WHAT IS BEING ASKED: All of the data that follows should be given again exactly, without its images.

MATERIAL SUPPLIED:
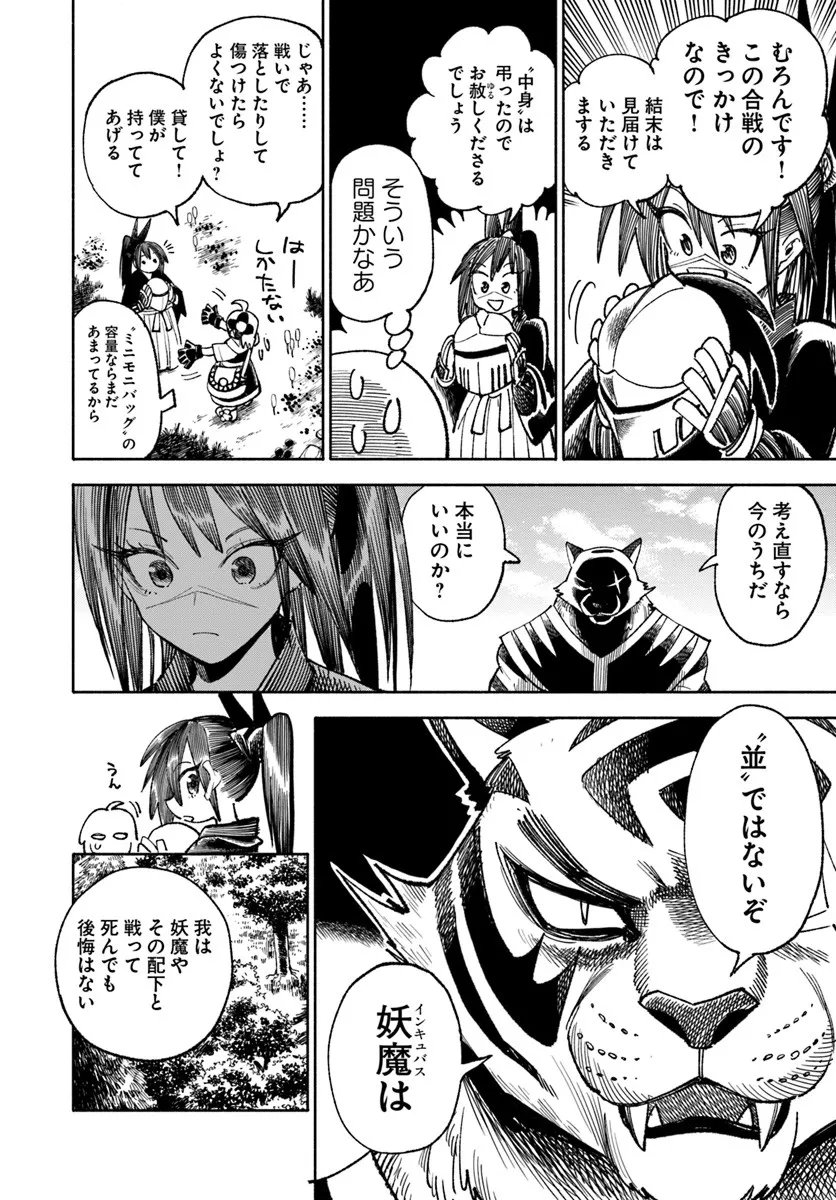 異世界サムライ Chap 40 - Next Chap 41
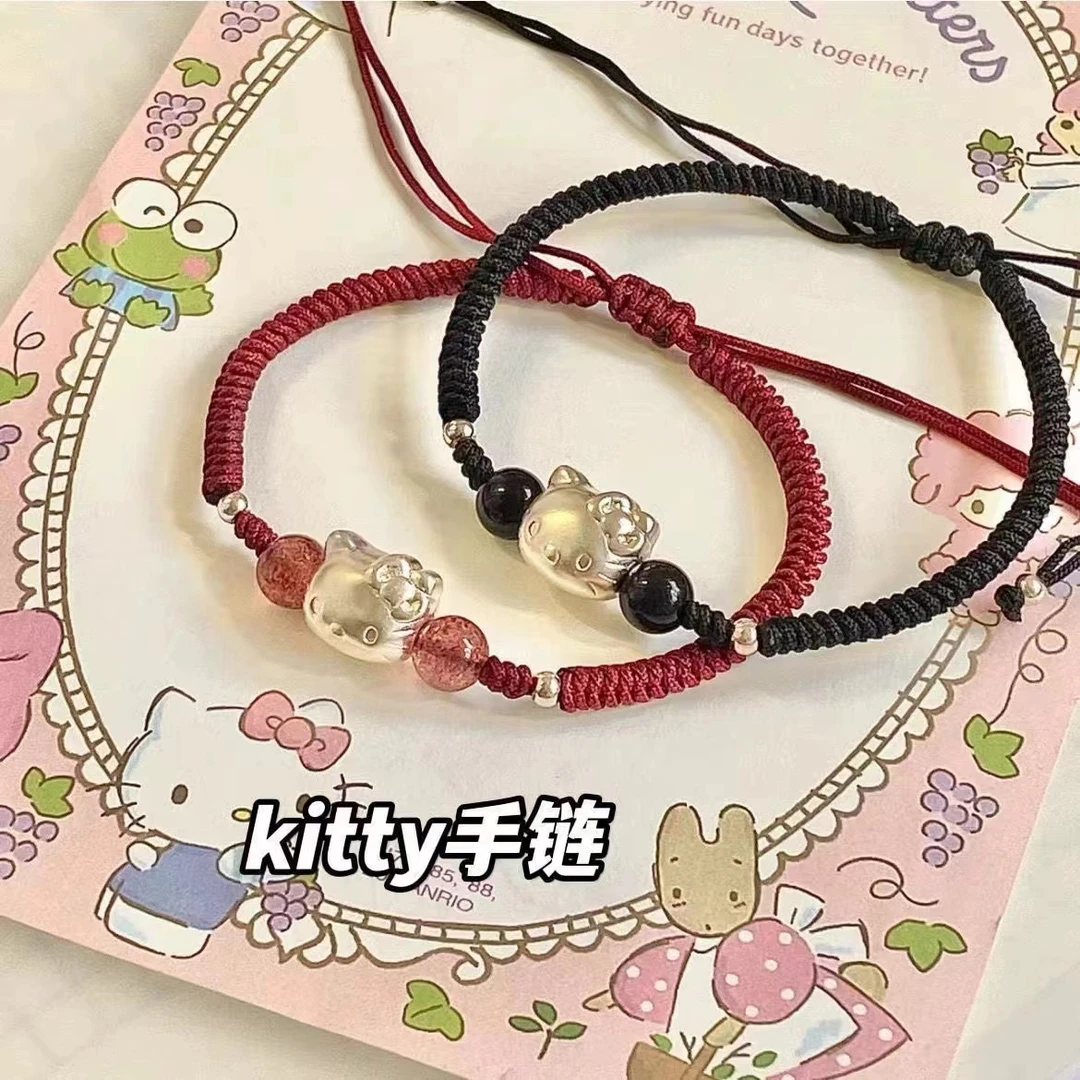 hellokitty情侣手链女可爱卡通宽松手工编织红手绳小众可调节饰品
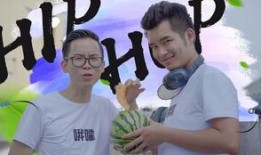 说唱吃瓜,吃瓜群众见证音乐盛宴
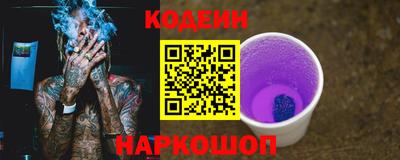 хмурый Партизанск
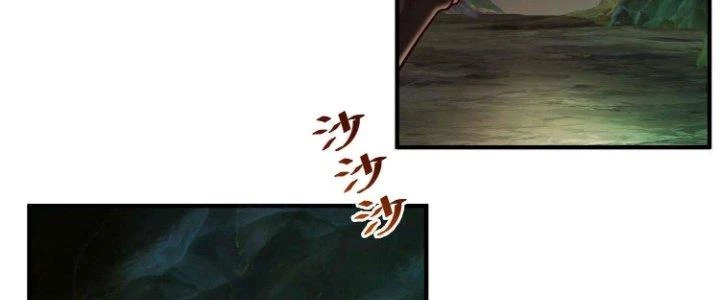 Lê Minh Chi Kiếm Chapter 75 - Trang 2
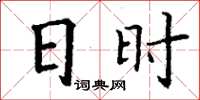 丁謙日時楷書怎么寫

ANSWER BOX:
 異世界サムライ Chap 40 - Next Chap 41
 hellokitty情侣手链女可爱卡通宽松手工编织红手绳小众可调节饰品
 说唱吃瓜,吃瓜群众见证音乐盛宴
 хмурый Партизанск
 Lê Minh Chi Kiếm Chapter 75 - Trang 2
 丁謙日時楷書怎么寫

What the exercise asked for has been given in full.